§ **Task instructions**: Leaving out the pictures, return word for word the stretch of entries below from the line holding "Поршень, кольца, палец" through the line holding "Daryl Drawing Picture".

§ **Material supplied**:
··········
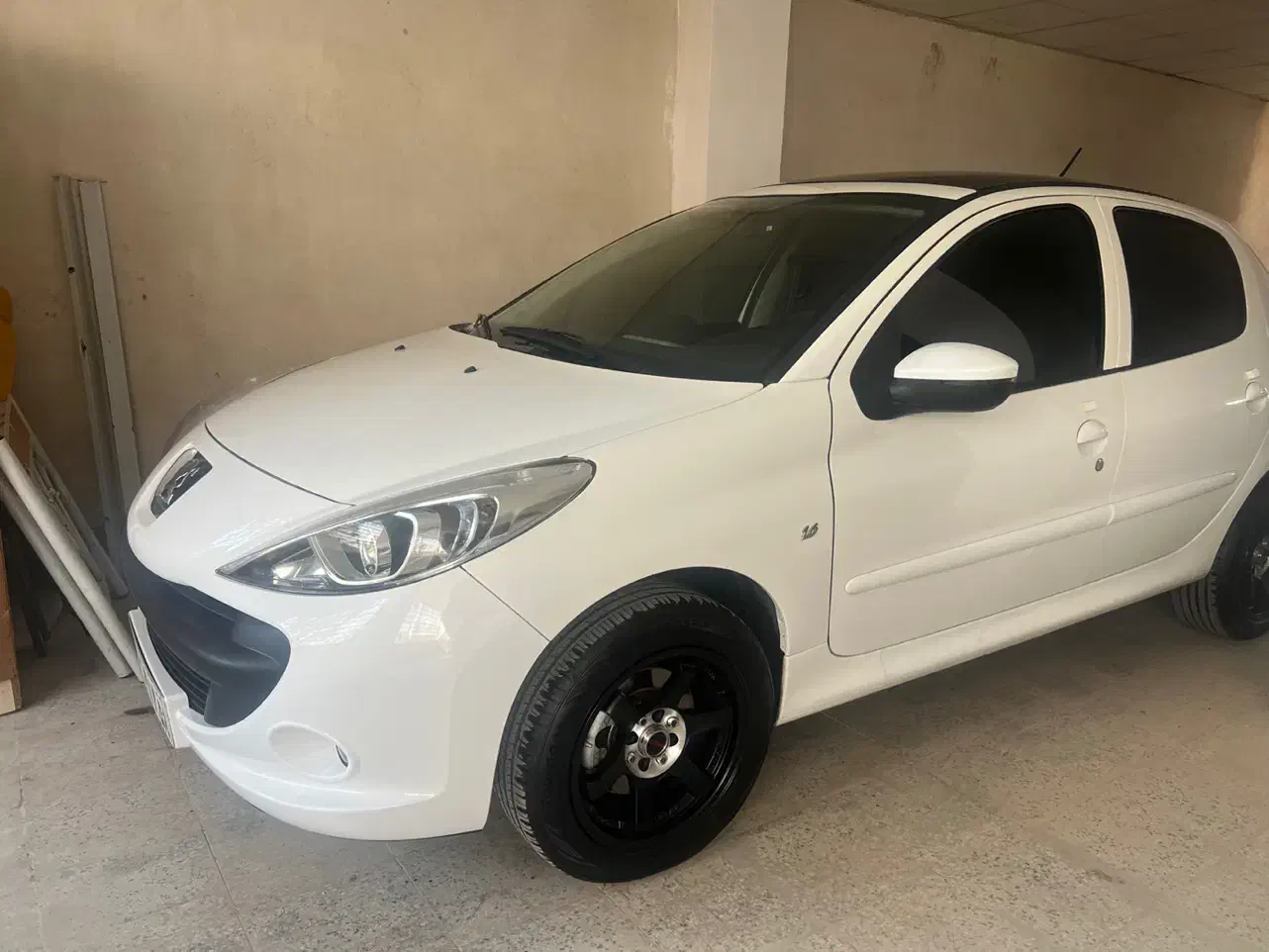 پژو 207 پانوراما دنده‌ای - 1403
··········
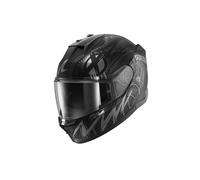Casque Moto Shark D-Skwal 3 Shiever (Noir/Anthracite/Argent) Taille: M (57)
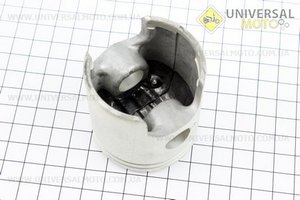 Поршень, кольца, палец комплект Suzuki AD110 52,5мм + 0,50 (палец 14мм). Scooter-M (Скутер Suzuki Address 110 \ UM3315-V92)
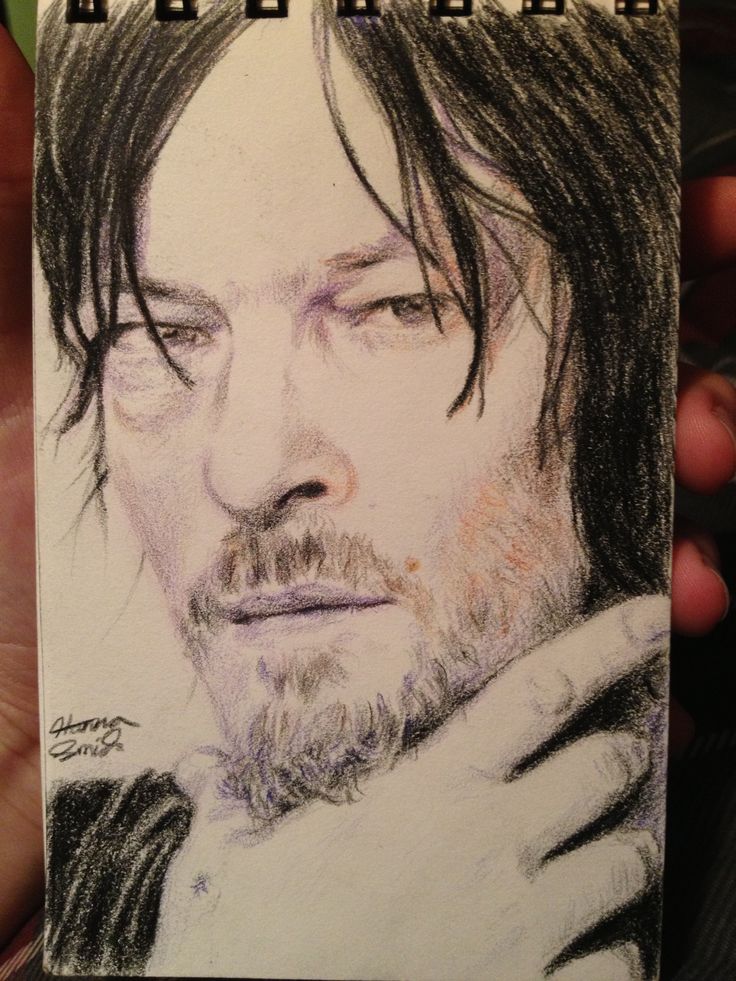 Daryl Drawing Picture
··········
§ **Exercise result**:
 Поршень, кольца, палец комплект Suzuki AD110 52,5мм + 0,50 (палец 14мм). Scooter-M (Скутер Suzuki Address 110 \ UM3315-V92)
 Daryl Drawing Picture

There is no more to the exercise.